Today we conclude, with Vespers, the Christmas Season’s and begin our entrance into Ordinary Time, where the color green replaces the white vestments of Christmastime and all the flowers and the colorful explosion of festivities that is Christmas. In this last feast of Christmastime, we hear in the words of Isaiah the importance of the call of Baptism—and Isaiah’s ancient words should both resonate with us today and be of equal if not greater applicability to our modern lives.
In our first reading we hear these powerful words from the prophet: “I, the LORD, have called you for the victory of justice, I have grasped you by the hand; I formed you, and set you as a covenant of the people, a light for the nations, to open the eyes of the blind, to bring out prisoners from confinement, and from the dungeon, those who live in darkness.”
In this we hear that our God is connected to us and holds us, as the prayer goes, “in the palm of His hands.” For us today, we can take this meaning to extend to the Sacrament of Baptism, where we know that on that day of the Sacrament God is not loving us for the first time but that He already knows us—and loved us—before we were formed in our mother’s womb. But on our baptism, we are given an indelible mark, a supernatural grace from God that enables us, when formed in faith especially by our parents and family that we able to freely choose to love God back through the way we “minister to Him as we minister to others.” (EPII) God holds our hands.
Holding hands can be both reassuring and uncomfortable. Think of the first time you held your date’s hand or when you were unexpectedly asked to hold someone’s hand during the Our Father at Mass? Or, think back to when you were a little child and someone grasped your hand to walk you across a busy street or along the route to school? One is oddly uncomfortable, the other very reassuring. Now think how our loving God takes hold of our hands, walks with us on our faith journey, calls us to be His adopted daughter or son, and invites us to partner with Him in carrying for one who is hungry and without food, wandering without shelter, or feels
abandoned in the midst of loss and grief. Isaiah reminds us that God is with us—He is Emmanuel, God with us until the end of the age.
Today the Lord Himself is baptized by John and the Holy Spirit—God anoints Him and calls Him to spread the Gospel of Salvation to the whole world (known world at that time) and now with the gift of Baptism given to us all, as we are now called—by Baptism—to spread the gift of salvation, the Good News of the Gospel to our known world—in our time and place.

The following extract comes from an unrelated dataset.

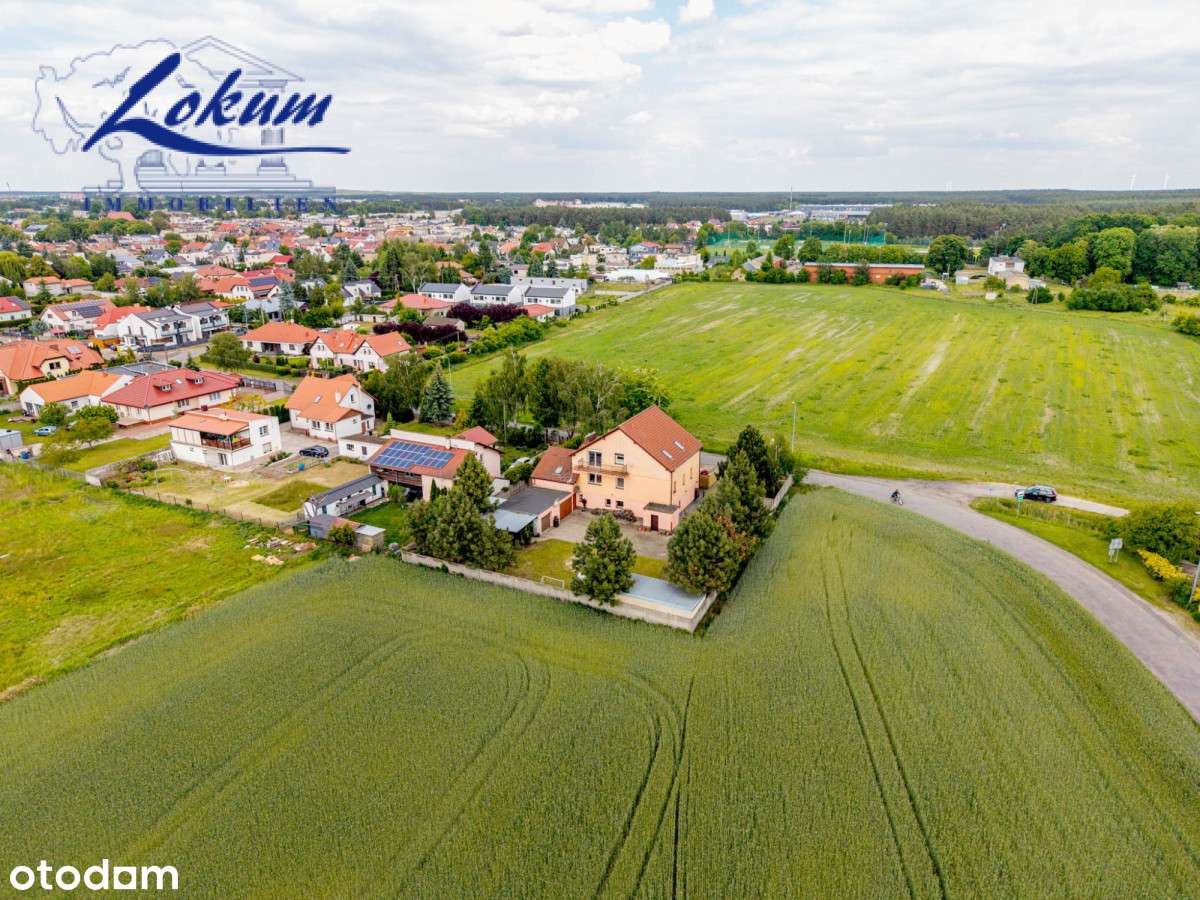 Dom z potnacjałem mieszakalno usługowym - Pełny obrazek: 4/20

How do we understand the Sacrament of Baptism? What is its meaning in our faith and to what are we commanded to do? From my personal experience as a priest, for some it is a ritual, basically cute and something done to please “nana or gampy or mom or dad—or maybe to make sure the child can one day be married in the Church.” For many it is a deeply spiritual and meaning Sacrament meant to enable the child to one day grow closer to God and to serve God in-and-through the Church so that the gift of eternal life is made more real (not that we “earn” heaven but that in choosing and following Christ we align our wills to His Will and so carry out
His righteous mission in our families, the Church and community. In the Acts of the Apostles reading today we hear Peter instruct us that the Word of God sent to Israel informs us “…that beginning in Galilee after the baptism that John preached, how God anointed Jesus of Nazareth with the Holy Spirit and power.
He went about doing good and healing all those oppressed by the devil, for God was with him.” Indeed God was (is) with Him and He is with us after our baptism, we are also called to “do good” in His Name by following His teachings given to us in Baptism and from our parents, who truly form us in the Faith. At the end of the Rite of Baptism, the priest concludes the ritual with three (3) brief prayers, the first two (2) are over the parents and end with the parents being reminded that “they are the first of teachers in the ways of faith, and may they be the best of teachers by what they say and do.” This is how the family, comprised of a mother and father, are so important as they represent the fullness of God, both male and female, and from each we learn different yet vital things which make us fully human. And being fully human we are then, with God’s Divine Grace, are able to accept the challenge of faith and in the “doing good” by our lives we image the fullness of God Himself. Baptism—something amazingly powerful and enriching— something eternally important.